ショートプログラム(SP)6位の紀平梨花(20=トヨタ自動車)が、ノーミスの演技に笑顔で両拳を握った。

SP64.07点にフリー128.36点を加えて合計192.43点とした。右足首の疲労骨折で昨季は全休。復帰シーズン初の表彰台にはわずかに届かなかったものの、総合4位となった。

冒頭の3回転サルコーからダブルアクセル(2回転半ジャンプ)-1回転オイラー-3回転サルコーなど全7回のジャンプに成功。後半には、右足首の疲労骨折で昨季全休して以来の3回転フリップを降り、納得の表情で「タイタニック」を演じ切った。スピンは全て最高評価のレベル4を獲得。リンクサイドのトレーシー・ウィルソン・コーチも喜んだ。

ただ、得点は想定には届かなかった。シーズンベストではあったが、スコアを聞いた瞬間は首をひねり「SPは60点台の後半、フリーは130点は出したかったので。どっちも足りていないですし、でも課題は見つかっていて、着氷後とかGOE(出来栄え点)を取れるように。いろいろなところを分析して課題を見つけられたかな」とGPシリーズ2戦を振り返った。

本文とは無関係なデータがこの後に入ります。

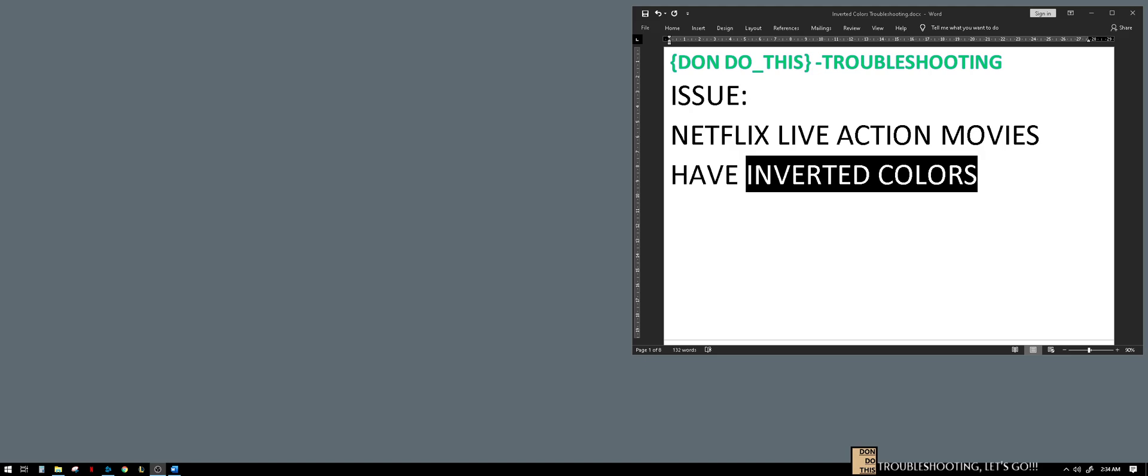Let's have some troubleshooting. For the past few weeks, I've been having trouble with Netflix, especially because the live-action movies have inverted colors. I have no problems with pictures or images, only with live-action movies. The colors are inverted.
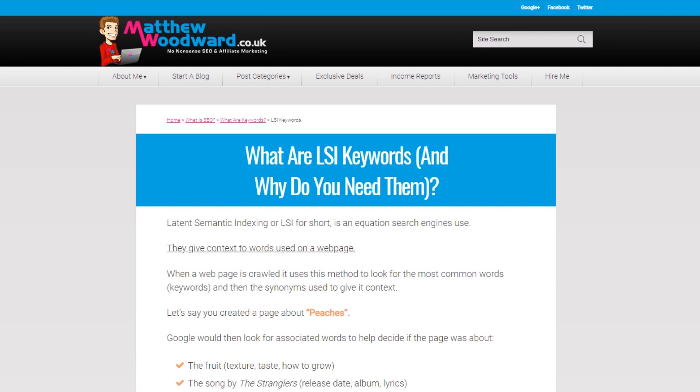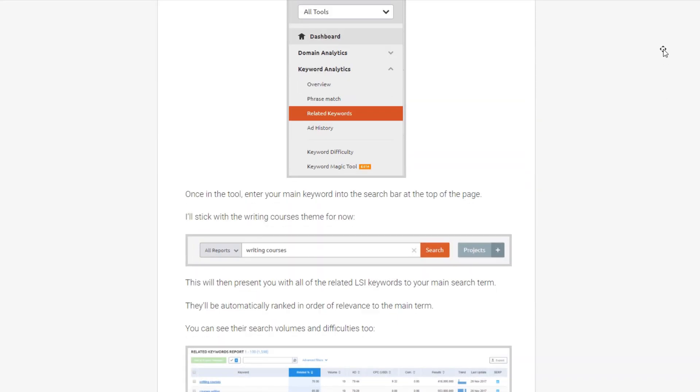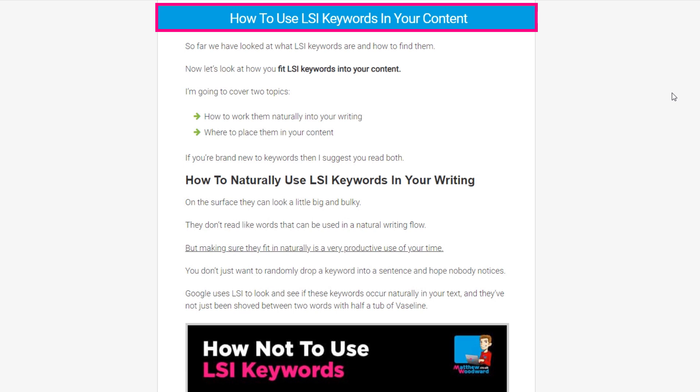I've shared a few ways you can do that in my full blog post, but once you have your targeted list of LSI keywords you can start adding them to your content. It's important that you do it naturally without interrupting the flow of the content. There are a few sneaky places you can insert them, but you have to do it intelligently — I share how in my full LSI tutorial on the blog.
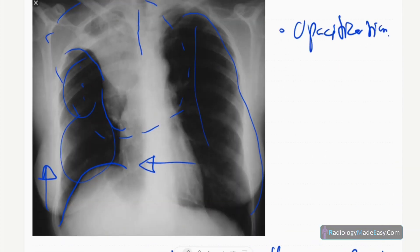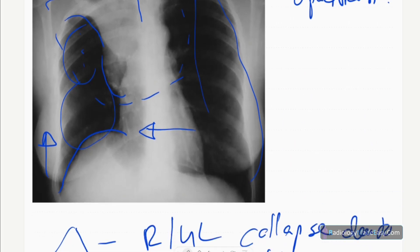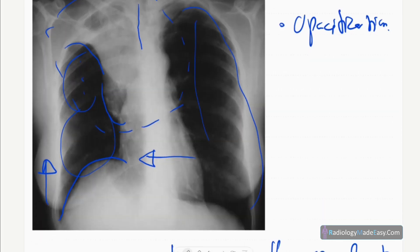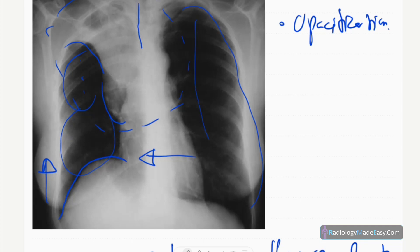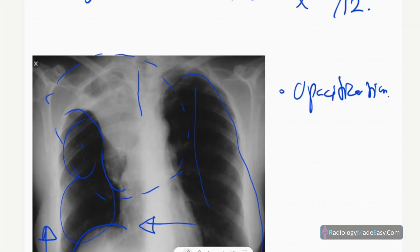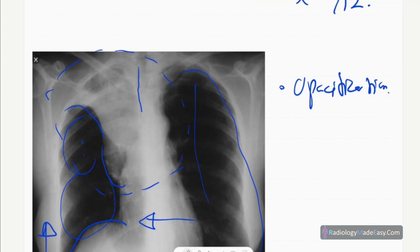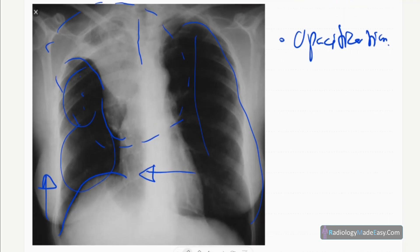In right middle lobe collapse there is also volume loss and blurring or obscuration of the right heart border. In lower lobe collapses, both right or left lower lobe, the flat waist sign can be seen. In left upper lobe collapse there will be a veil-like opacification and the Luftsichel sign.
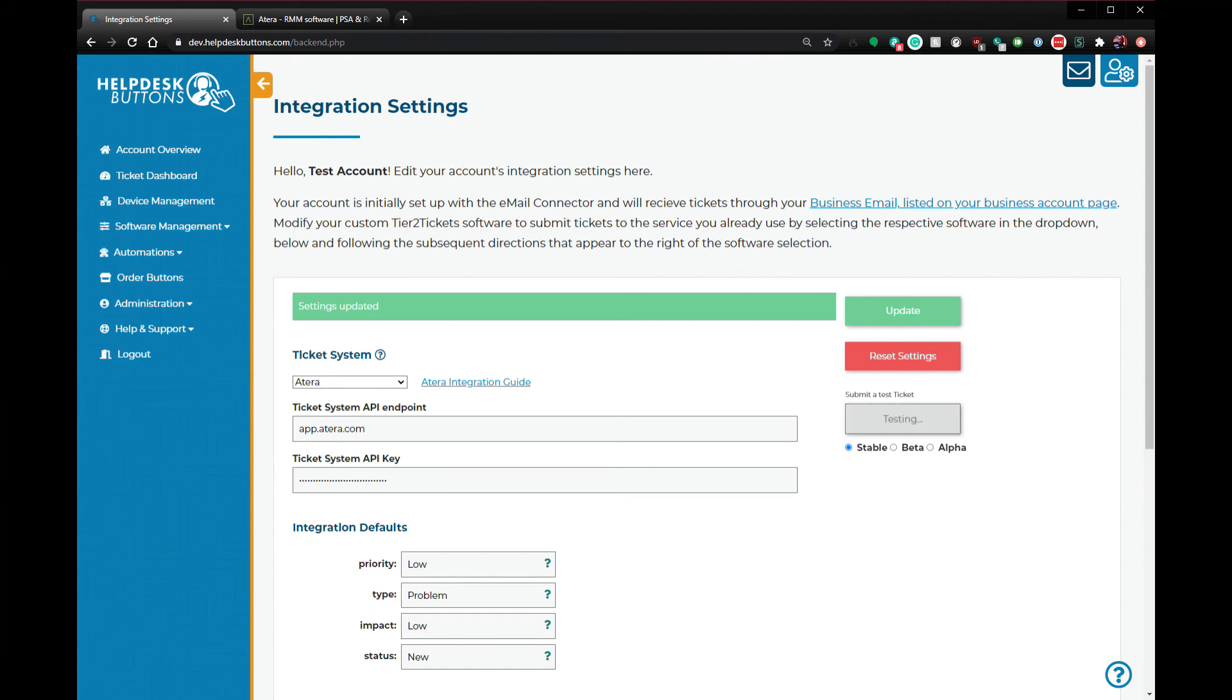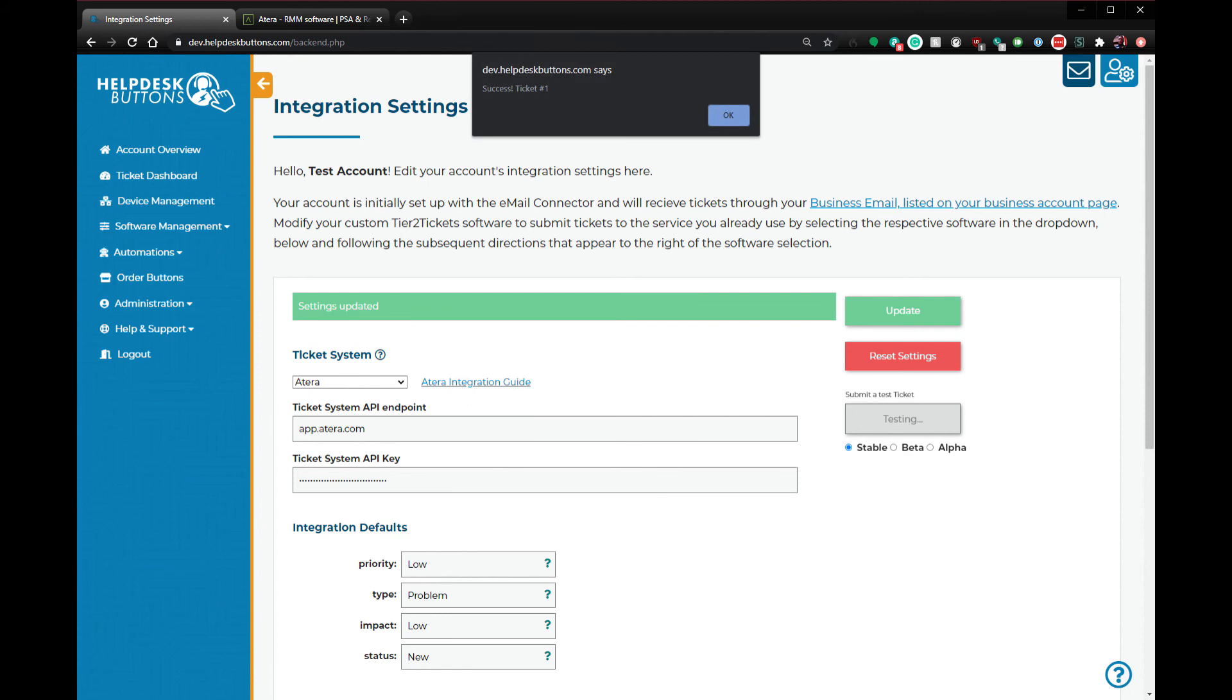You should now be able to click on the Integration Test button and our system will send a test ticket to your Atera instance. If you see success and a ticket number, you're all set.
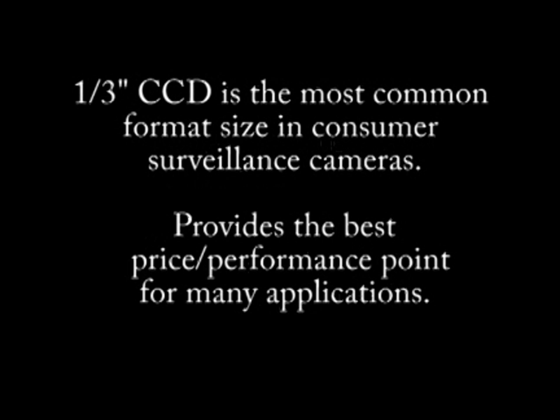The one third inch CCD camera is the most prevalent format size in consumer surveillance cameras as it provides the best price and performance point. This CCD format has proven to be very versatile as evidenced by the large variety of cameras that have been designed around it. The one third inch format provides an excellent combination of brightness, image quality, versatility, and affordability.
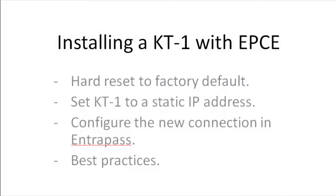Greetings, this is Jeff from CanTech and today we're going to take a look at installing a KT1 with EnterPass Corporate Edition.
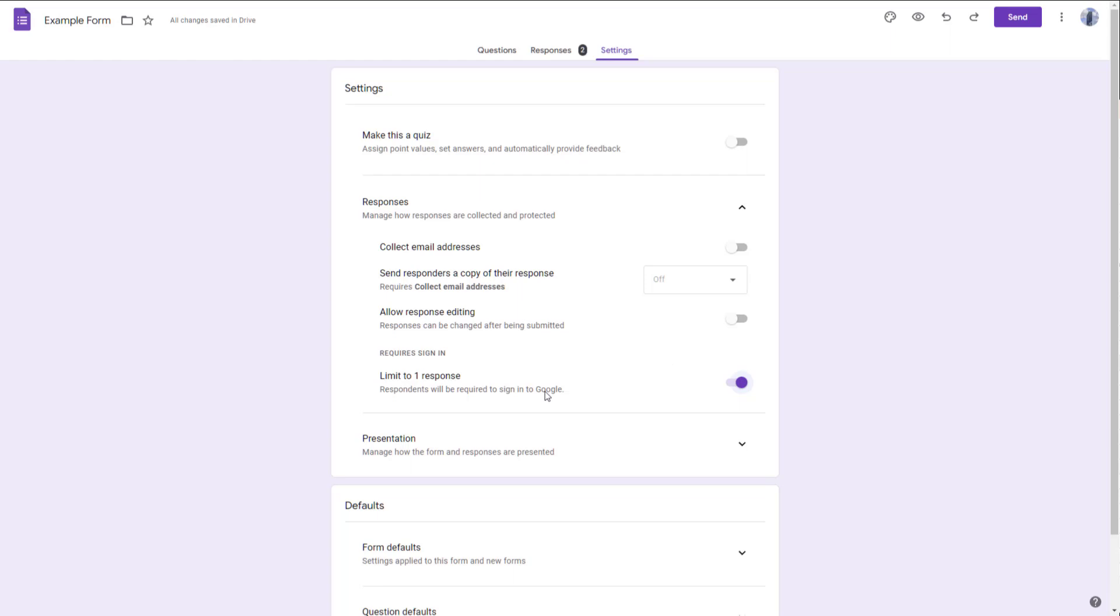When that happens, they may submit some things mistakenly and might want to correct their errors. In that case, you can also allow the responses to be edited by the user. If they want to edit it, they will be able to go back and edit the response.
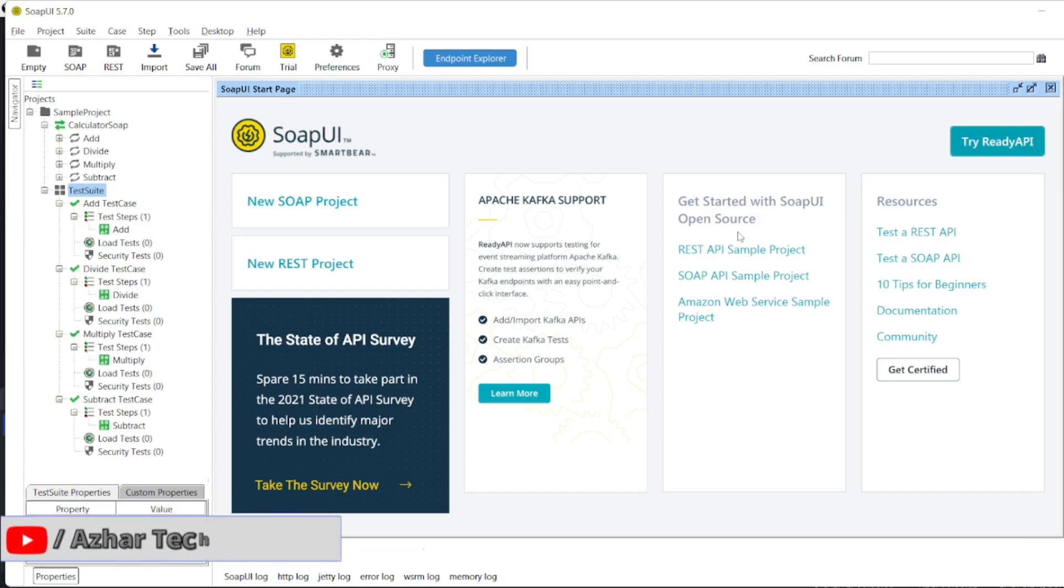Hello awesome viewers, how are you all? Welcome back to another video. Guys, in this video we are going to discuss how we can run test cases in parallel or in the sequential manner.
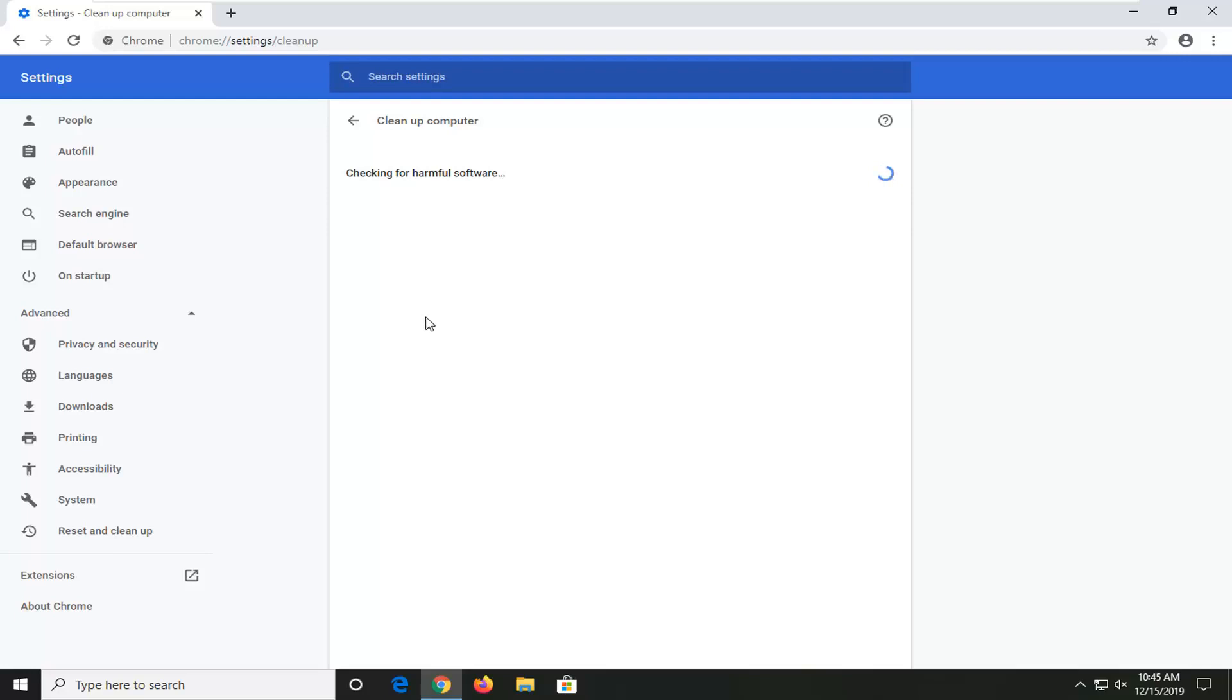You just want to let it run. Hopefully it wouldn't be able to detect anything. And if it did find anything, you could just remove it or choose not to remove it. It's a pretty straightforward and intuitive process.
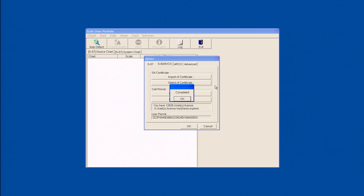A message box will be displayed when the process has been completed. Click OK to finish.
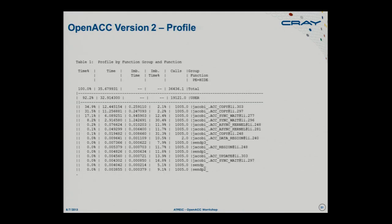Looking at the profile now, the kernel has gone up to 8% and we're running twice as fast, down to 32 seconds. But the copies of P—moving P to the host for the halo exchange and then back to the accelerator—are still using 66% of the time. What are we doing inefficiently? If we're exchanging halos, do we have to move all of P? No. You don't want to move more data than you need across that flimsy PCI Express link.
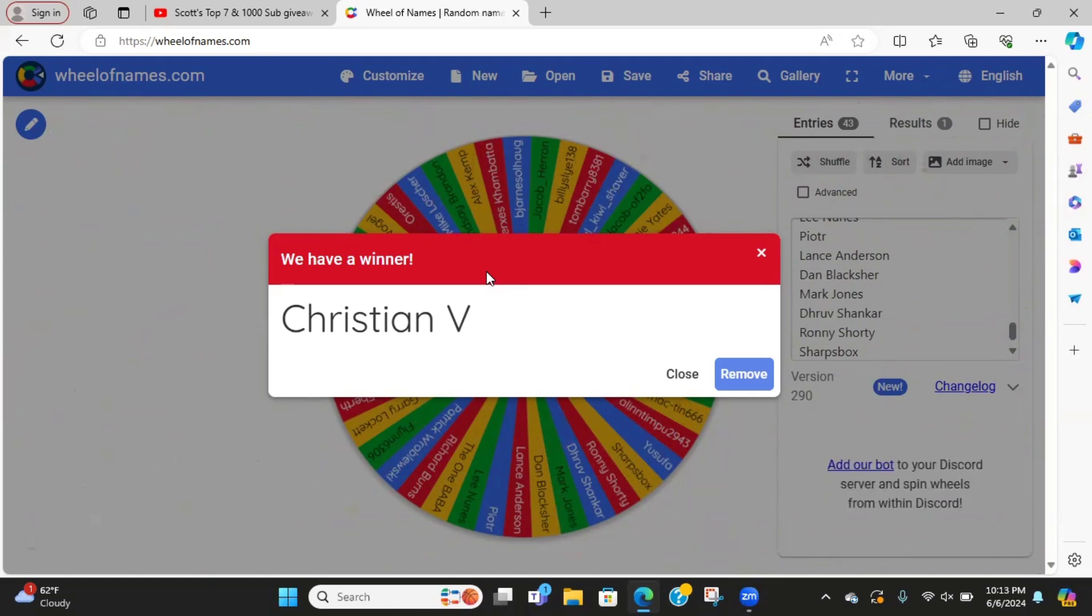I will give you until Sunday to get a hold of me, hopefully sooner. If you get a hold of me, maybe I can get it out to you on Saturday.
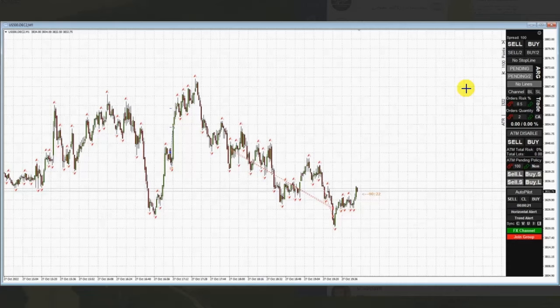Hello everyone. I'd like to share with you a few trades posted on Thursday, October 27th. The first trade is shared by EB, who's trading S&P 500 CFD. As you see, the market shows a downtrend in the one-minute chart.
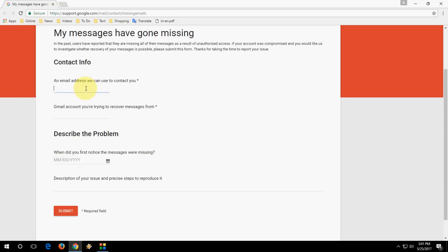Just type your email address. Like, I will type testingtube@gmail.com. This is my contact email address. And the recovery address is the same, like I want to recover some important mail from this address testingtube@gmail.com. And next,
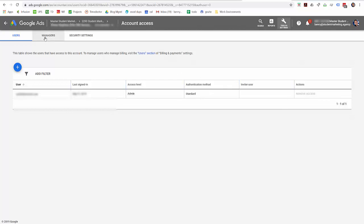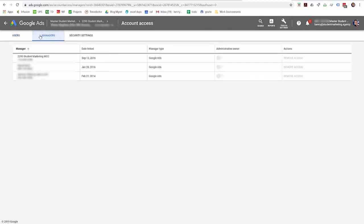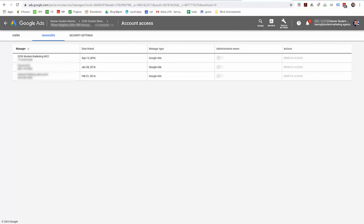And if it's a management, if it's an agency, typically they'll be under this tab here, managers. And this is where you'll see the request so that you can approve it. And that's all there is to it.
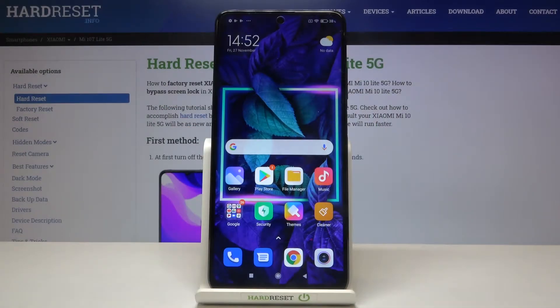Hi everyone! Here we've got Xiaomi Mi 10T Lite 5G and let me show you how to enable developer options on this device.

第2戦スケートカナダは5位、そして今回4位。着実にスコアを上げて完全復調に近づいている。次は年末の全日本選手権(12月21~25日、大阪・東和薬品RACTABドーム)に向けて、さらに目指す構成を追求していく。

演技後の一問一答は次の通り。

-振り返って

朝から構成を変更したんですけど、1本ずつ思い通りに跳ぶことができた。点数に対しては、もっと高いところを見据えていて悔しい思いはあります。

-質の高い演技だったが、まとめられた理由は

この1カ月間、すごく頑張って練習を積んできた。フリーはショートよりも多く練習しているので、得意で。集中して1本ずつ跳んでいくことが大事。緊張する場面でも、練習通りに演技することができた。

-順調な回復

1歩ずつ上がってこられているかな。次は全日本に合わせていきたい。計画的に構成を組んで練習を続けていって、たくさん練習を積んで、構成をしっかりとして高い点数を取れるようになれたらなと。

-フリップを解禁した

フリップも練習で跳んでいる中、どのジャンプも良かったので。大きな大会では難しいと思っていたんですけど、いつも通り、すごく集中しては入れたなと。跳べないかも、と思うジャンプは入れたくなかったので、絶対にノーミスと強く思えるジャンプを入れました。

-2戦の手応えは

ショートをちゃんと練習しなきゃなと。フリーは体力強化にもなるので練習が多いんですけど、ショートが足りなかったなと思います。気持ち的にも難しいですし、ショートは課題。でも緊張する舞台でも、やれることは出せた。2戦とも出していただけて、うれしいなと思います。

-全日本の構成は

まあ、コンビネーションがフリーでは2つ入れられていないので。140(点)は出せるようにしたいと思ってますし、具体的なジャンプは状態というか足によるんですけど、気持ちではルッツもフリップもコンビネーションも入れたい。(トリプル)アクセルはまた考えて、とにかく必ずノーミスしたいし、頑張らないとなという思いはあります。ルッツ、フリップ2本は入れたいなと思います。

-足の現状は

1試合1試合を終えて、休ませるというか、痛くならないように、大きく痛みが出ないようになってきたので。そこまで心配する必要はなくなっている。最近すごくうれしい。毎日、そう思ってます。フリップもルッツも、でもたくさんは…。徐々に、じゃないと怖さもあるので、完全までは様子を見ながらですけど、大きくは良くはなっています。

-構成を変えたのは

私自身が決めました。朝の状態で、何かちょっと左足に痛みがあってトーループの練習ができなくて。絶対、クリーンに決めたかったので、この構成でやるとトレーシーさんに言って決めました。